Trustees are frequently confronted with requests for information from beneficiaries concerning the administration of a trust. Whether there is an overriding entitlement to trust information has now been answered by the Supreme Court and guidance issued to trustees. We anticipate this will be the last word in this area for quite some time – although in practice applying the factors will not always be easy, particularly when there are competing interests at stake between beneficiaries.
The Supreme Court has also ruled that "trustees are not required to give reasons to discretionary beneficiaries for the manner in which they exercise their discretions", and that documents can be redacted to the extent that they show those reasons. This confirms the position in previous cases, and will give trustees confidence that their decisions are less likely to be challenged.
How should trustees approach requests for information by beneficiaries?
The Supreme Court said that the trustee must exercise his or her own judgment as to "whether disclosure ought to be made at all, and if so, to what extent and on what conditions." It noted that:
"the underlying principle in deciding whether disclosure will be made will be identifying the course of action which is most consistent with the proper administration of the trust and the interests of the beneficiaries, not just the beneficiary requesting disclosure."
The same approach applies to a judge considering an application for disclosure by a beneficiary.
Factors trustees should consider
The Supreme Court identified a range of factors that a trustee should consider when deciding whether to disclose trust information to a beneficiary. These are:
- The types of documents sought: basic documents such as the trust deed should be considered differently to more remote documents such as a memorandum of wishes.
- The context for the request and the objective of the beneficiary in making the request: if the request is to ensure that the trust is being properly administrated then disclosure will be more compelling than if there is an improper purpose for the request.
- The nature of the interests held by the beneficiary seeking access: the more likely a beneficiary is to benefit from the trust, the stronger the claim for access.
- Whether there are issues of personal or commercial confidentiality: recognition should be given to the need to protect confidential information, and to whether the trust deed itself indicated that matters should be kept confidential.
- Whether there is any practical difficulty in proving the information: it may be a factor against disclosure if the information requested is difficult or expensive to provide.
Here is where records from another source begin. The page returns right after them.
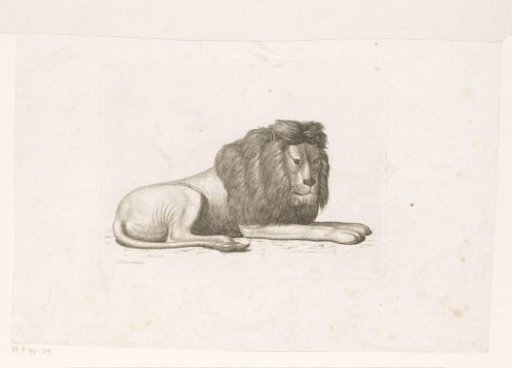 Recumbent Lion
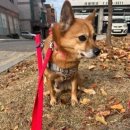 당당하개 이미지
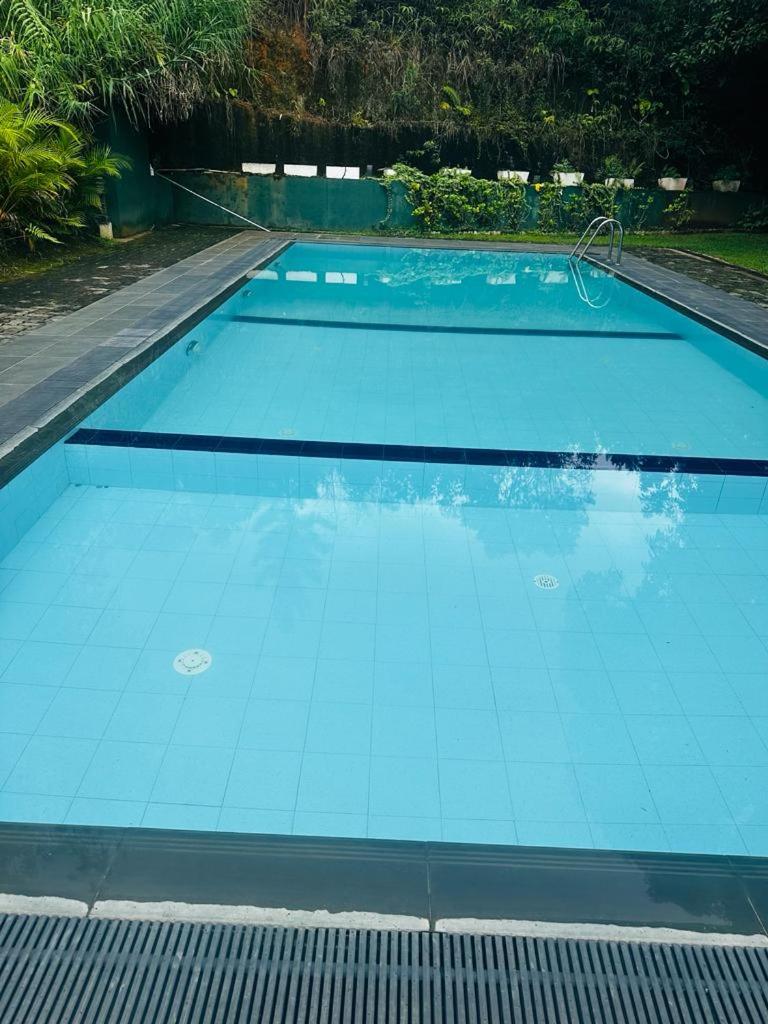 Golden Resort photo 2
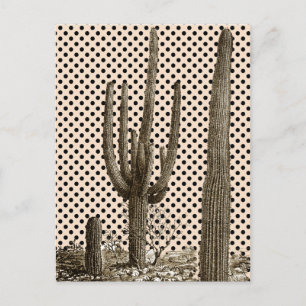 Cartão Postal Cartaz diva do deserto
- Whether the documents sought disclose the trustees' reasons for decisions made by the trustees: it is generally not appropriate to disclose trustees' reasons for decisions.
- The impact on the trustee and the other beneficiaries if disclosure is made: disclosure may embitter feelings between family members, but non-disclosure may also have that effect.
- The impact on the settlor and third parties if disclosure is made: as with trustees and beneficiaries, disclosure or non-disclosure may harm other relationships.
- Whether disclosure can be made while still protecting confidentiality: consideration can be given to redacting confidential parts of documents.
- Whether safeguards can be imposed on the use of the trust documentation: undertakings about the purpose for which documents will be used could be required, as could inspection only by professional advisors.
What does this mean for a trustee?
When a trustee receives a request for trust information, each type of information should be considered separately. This will mean that some information might be made available to beneficiaries, while other information requests might be declined.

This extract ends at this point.